Nouvelles de Mgr Nestor Nongo et de la Centrafrique

Un courrier de Monseigneur Nestor au Père Jean-Pierre Frey

Merci pour le soutien moral et les préoccupations à mon endroit. Les dernières nouvelles et les reportages sur la Centrafrique font certainement peur. Le pays fait la une ces jours-ci des journaux à travers le monde. Ce n’est peut-être pas le temps de faire une analyse sociopolitique de ces tristes évènements qui ont mis des foules sur les routes avec tout le risque que cela comporte.

Une partie du pays est coupée par l’avancée des rebelles dont les motivations ne sont pas clairement définies sauf qu’ils dissimulent mal leur désir de conquérir le pouvoir par la force des armes.

En ce qui concerne le diocèse de Bossangoa, deux villes au nord ont été envahies. J’ai failli être retenu dans la ville de Kabo, à l’extrême nord, à une soixantaine de kilomètres de la frontière tchadienne. Les rebelles ont pris la ville deux jours après mon départ.

Mais depuis avant hier matin à 8h, les militaires gouvernementaux aidés par quelques éléments tchadiens ont délogés les rebelles de la ville de Batangafo, à 150 km au nord-est de Bossangoa. Ils vont continuer leur progression vers le nord pour débouter ceux qui se sont repliés dans la ville de Kabo.

La connexion téléphonique est coupée dans les zones occupées, au point qu’il est vraiment difficile de savoir exactement ce qui s’y passe. Néanmoins, l’ampleur des saccages est à prévoir. Dans le diocèse de Bambari, au centre du pays, le dépôt pharmaceutique a été complètement saccagé, ainsi que le dépôt de la Caritas et la radio catholique. Dans ces zones, la population est prise en otage. Il n’y a pas de couloirs humanitaires, si bien que le président de la Conférence épiscopale, qui est bloqué à Bambari, a demandé le report des Assises de janvier.

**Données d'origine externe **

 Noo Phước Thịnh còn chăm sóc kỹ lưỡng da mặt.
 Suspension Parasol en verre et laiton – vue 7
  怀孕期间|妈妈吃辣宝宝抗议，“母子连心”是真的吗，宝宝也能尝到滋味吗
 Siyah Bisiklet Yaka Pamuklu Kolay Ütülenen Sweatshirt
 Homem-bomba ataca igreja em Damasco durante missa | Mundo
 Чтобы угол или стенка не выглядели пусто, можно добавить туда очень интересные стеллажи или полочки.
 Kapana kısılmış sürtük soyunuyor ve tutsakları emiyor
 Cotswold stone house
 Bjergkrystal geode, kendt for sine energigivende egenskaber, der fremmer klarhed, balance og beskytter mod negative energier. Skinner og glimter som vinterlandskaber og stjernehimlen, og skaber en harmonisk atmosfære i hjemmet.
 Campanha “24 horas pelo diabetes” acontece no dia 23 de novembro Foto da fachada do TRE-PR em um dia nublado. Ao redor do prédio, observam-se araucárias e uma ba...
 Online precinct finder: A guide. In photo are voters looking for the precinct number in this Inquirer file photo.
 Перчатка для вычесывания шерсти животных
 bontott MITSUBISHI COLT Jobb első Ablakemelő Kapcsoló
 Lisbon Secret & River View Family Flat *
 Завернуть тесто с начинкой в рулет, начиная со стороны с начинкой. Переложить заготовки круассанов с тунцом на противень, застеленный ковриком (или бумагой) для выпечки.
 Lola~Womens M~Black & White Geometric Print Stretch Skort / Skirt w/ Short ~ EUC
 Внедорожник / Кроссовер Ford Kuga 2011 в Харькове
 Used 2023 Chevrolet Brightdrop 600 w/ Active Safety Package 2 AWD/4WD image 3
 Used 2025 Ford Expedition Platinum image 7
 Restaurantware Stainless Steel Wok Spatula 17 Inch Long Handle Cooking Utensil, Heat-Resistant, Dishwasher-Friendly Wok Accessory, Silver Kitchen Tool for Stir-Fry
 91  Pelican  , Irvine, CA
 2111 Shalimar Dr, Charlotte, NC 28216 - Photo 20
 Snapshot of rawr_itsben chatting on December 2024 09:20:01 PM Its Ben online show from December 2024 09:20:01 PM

La relance économique du diocèse semble en prendre un coup. Toutefois, nous avons le devoir de mobiliser nos chrétiens et la population et de leur redonner confiance en eux et en l’avenir. Nous sommes commis à ce devoir de témoignage sans nous livrer à des actes d’héroïsme.

Je reste confiant que l’issue sera pacifique.